Dataset section:
● ● ●

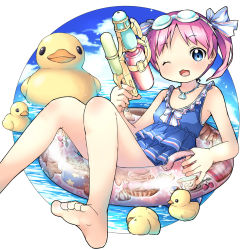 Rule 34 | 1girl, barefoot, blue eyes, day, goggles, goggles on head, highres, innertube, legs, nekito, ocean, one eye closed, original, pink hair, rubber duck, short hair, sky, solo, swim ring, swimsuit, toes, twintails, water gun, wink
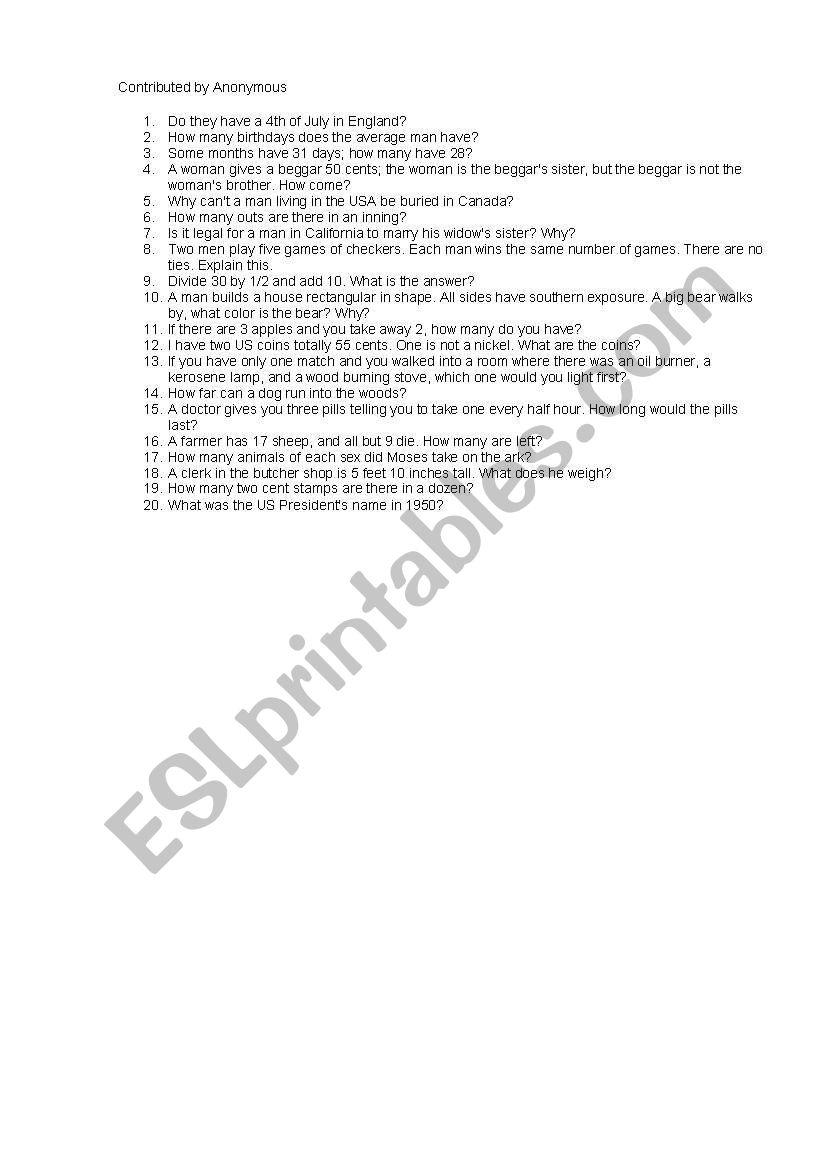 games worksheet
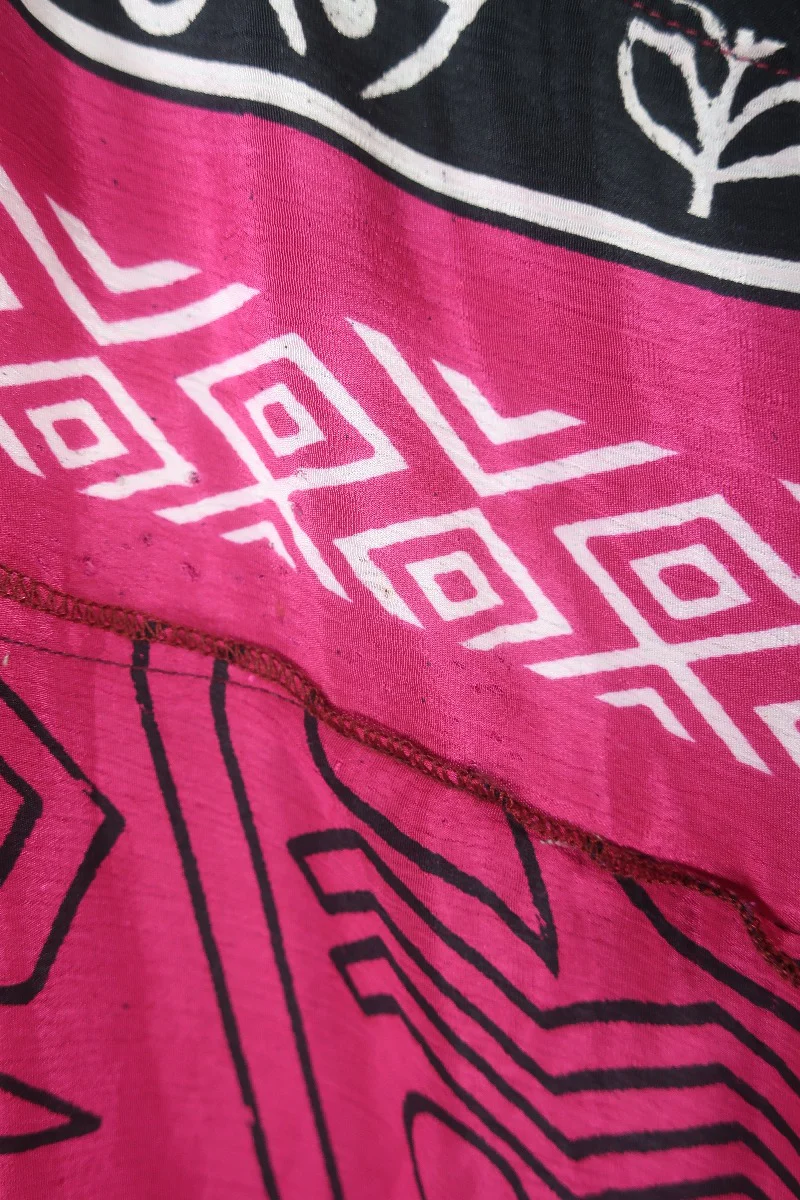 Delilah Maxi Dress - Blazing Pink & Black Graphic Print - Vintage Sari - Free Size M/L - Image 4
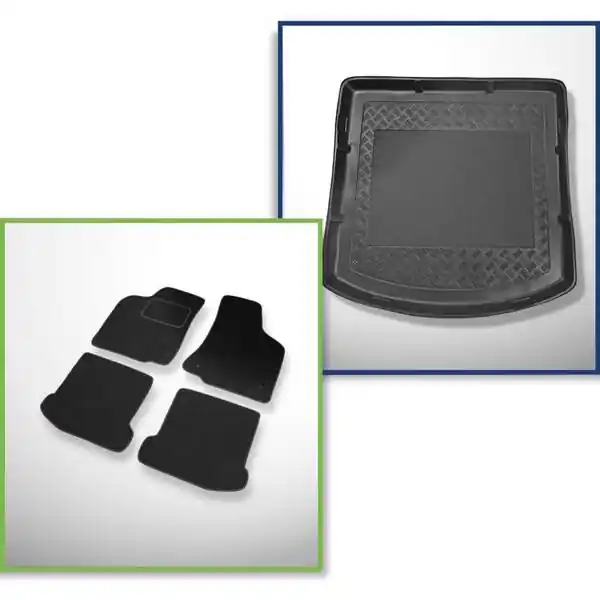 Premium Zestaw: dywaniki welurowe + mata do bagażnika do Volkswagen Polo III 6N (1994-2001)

● ● ●

Task goal: Without any pictures, output exactly the lines from the start of the material through the line that contains "games worksheet", and only those.

Finished task:
 Rule 34 | 1girl, barefoot, blue eyes, day, goggles, goggles on head, highres, innertube, legs, nekito, ocean, one eye closed, original, pink hair, rubber duck, short hair, sky, solo, swim ring, swimsuit, toes, twintails, water gun, wink
 games worksheet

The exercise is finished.